As I said, I'm looking for suggestions about an overall architecture to pursue. Thanks in advance.

Rather than elaborate more on the things I've considered,

Sounds like a lot of bother to me to go to that length as I am doing all that on a single Prop now and I still have at least 5 cogs and memory to spare! What exactly are you trying to do then?

ags · 2014-01-08 21:51

I have either a stream of "live" data (from a WizNet Ethernet module) or data stored on an SD Card. I need to take that data, decompress/reformat it and then send it out using a proprietary (not mine) protocol (that is, bit-banging) with precise timing. I'm limited by the maximum possible speed of reading one bit at a time with SPI (two instructions per bit read). I was thinking that if I could use the speed of an SBC for Ethernet and/or SD Card data, and send that to the Propeller in a parallel bus (8 bits wide, maybe) then I could increase the amount of data I'm able to process on the Propeller (I would free up 4 cogs by not running the web server or Ethernet driver or SD card driver or audio codec driver) and divide the extra data-in among double the number of cogs for output.

Peter Jakacki · 2014-01-08 23:03

ags wrote: »

I have either a stream of "live" data (from a WizNet Ethernet module) or data stored on an SD Card. I need to take that data, decompress/reformat it and then send it out using a proprietary (not mine) protocol (that is, bit-banging) with precise timing. I'm limited by the maximum possible speed of reading one bit at a time with SPI (two instructions per bit read). I was thinking that if I could use the speed of an SBC for Ethernet and/or SD Card data, and send that to the Propeller in a parallel bus (8 bits wide, maybe) then I could increase the amount of data I'm able to process on the Propeller (I would free up 4 cogs by not running the web server or Ethernet driver or SD card driver or audio codec driver) and divide the extra data-in among double the number of cogs for output.

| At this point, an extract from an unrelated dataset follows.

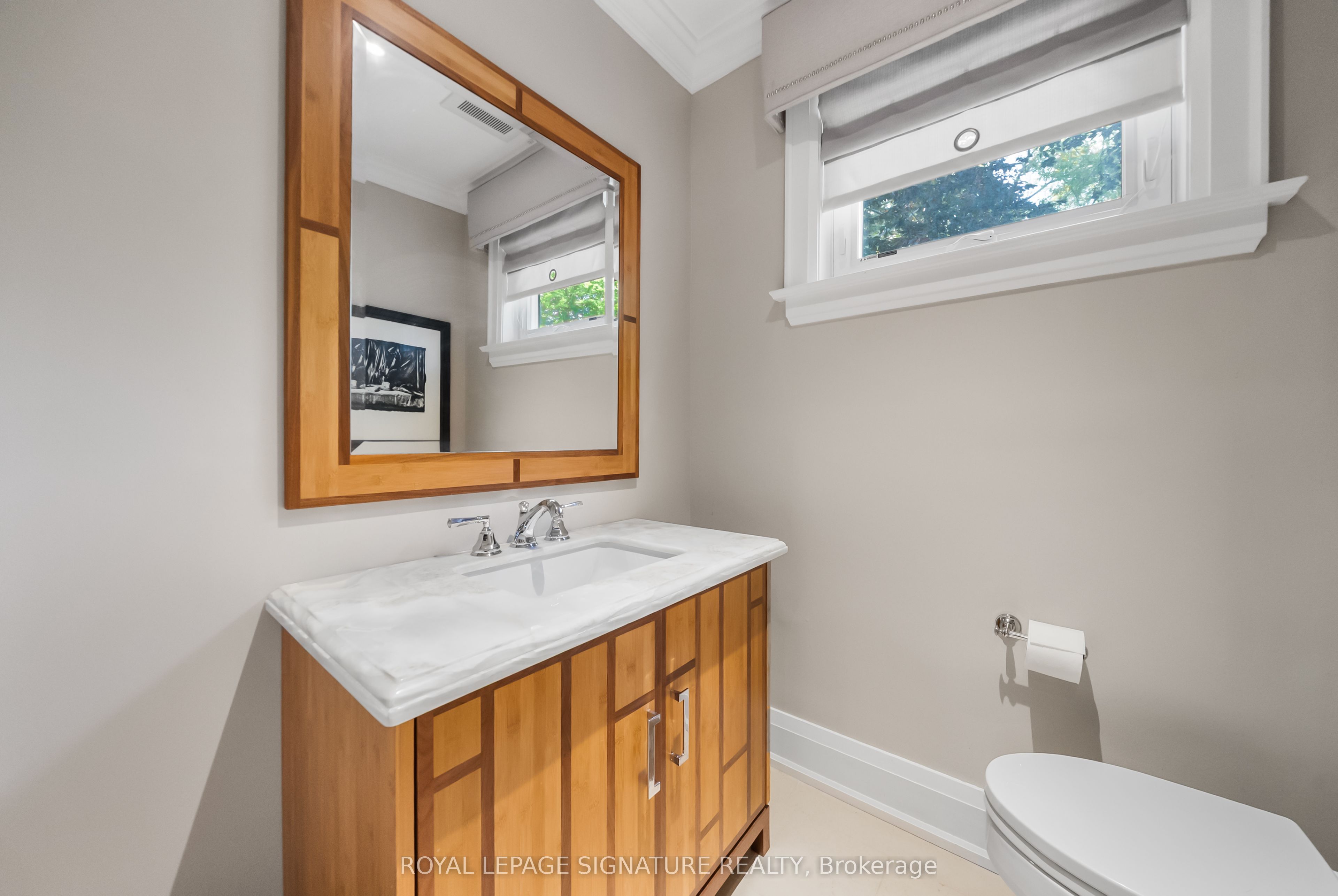 230 Strathallan Wood Property Photo 18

Am I missing something here? Unlike a single-core processor the Prop has 8 cores so that it can have precise timing on one, Ethernet on another, protocol on another and so on. My Ethernet and SD run on the main Tachyon console cog but even with dedicated cogs there are enough to go around. You don't really need any spare, if it takes all 8 cogs to make it work then the Prop has fulfilled it's requirements. If that's not enough, just add another Prop perhaps.

ags · 2014-01-09 07:35

I have all cogs running with no spare time - every "hold" period for bit-banging output is spent loading more data into cog RAM. If I have to use more than one Propeller to drive more outputs then I will need to replicate data on multiple SD cards, as well as handle synchronization between the two different chips.

I was purposefully attempting to leave the solution space as open as possible. Perhaps the question I should ask is "what is the best way to create a high-speed (>5Mbps) interface between a Propeller and a non-RTOS device?".

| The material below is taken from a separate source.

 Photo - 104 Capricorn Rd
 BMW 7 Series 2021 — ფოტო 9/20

It seems that I can't get the speed I need (onto the Propeller) with a single-bit-wide data line. I thought of using a 8-wide data bus, but then I'm not clear if flow control (on the master side) would either have too much latency (starving the Prop buffers) or drag down the single-core master. I also thought about using a standard interface (USB, perhaps) but as that eventually is single-bit interface to the Propeller that doesn't help. I am wondering if there is such a device as a USB client that has a large internal buffer and that handles flow control with the USB host, and provides a data bus interface to the received data. I have no idea if such a thing exists, or if it is a reasonable solution.

Edit: I have found the FTDI FT245R which is just what I was trying to describe. It provides all the timing/interface for a USB device, and an 8-bit wide FIFO to read received data. I still don't know if this is the most effective way to go, but it is a possibility. Still looking for other options, or confirmation of this as a reasonable strategy.

photomankc · 2014-01-09 10:24

The BeagleBone Black has two PRU's (Programmable Realtime Units) that could easily (for the hardware) handle that data rate. The issues are the smothering layers of Linux abstraction that you have to work through to get them working as well as the fact that they are programmed in assembly only, there is no compiler to use to program them in C or anything. This is definitely right up the alley they were designed for though.

ags · 2014-01-09 11:29

I already have a RPi. The PRUs are the reason I have a BBB on order. I thought much the same thing as you describe. Although while it would be a fun project to figure out how to put them to use, I also don't need to avoid an easy (perhaps obvious to someone else) solution.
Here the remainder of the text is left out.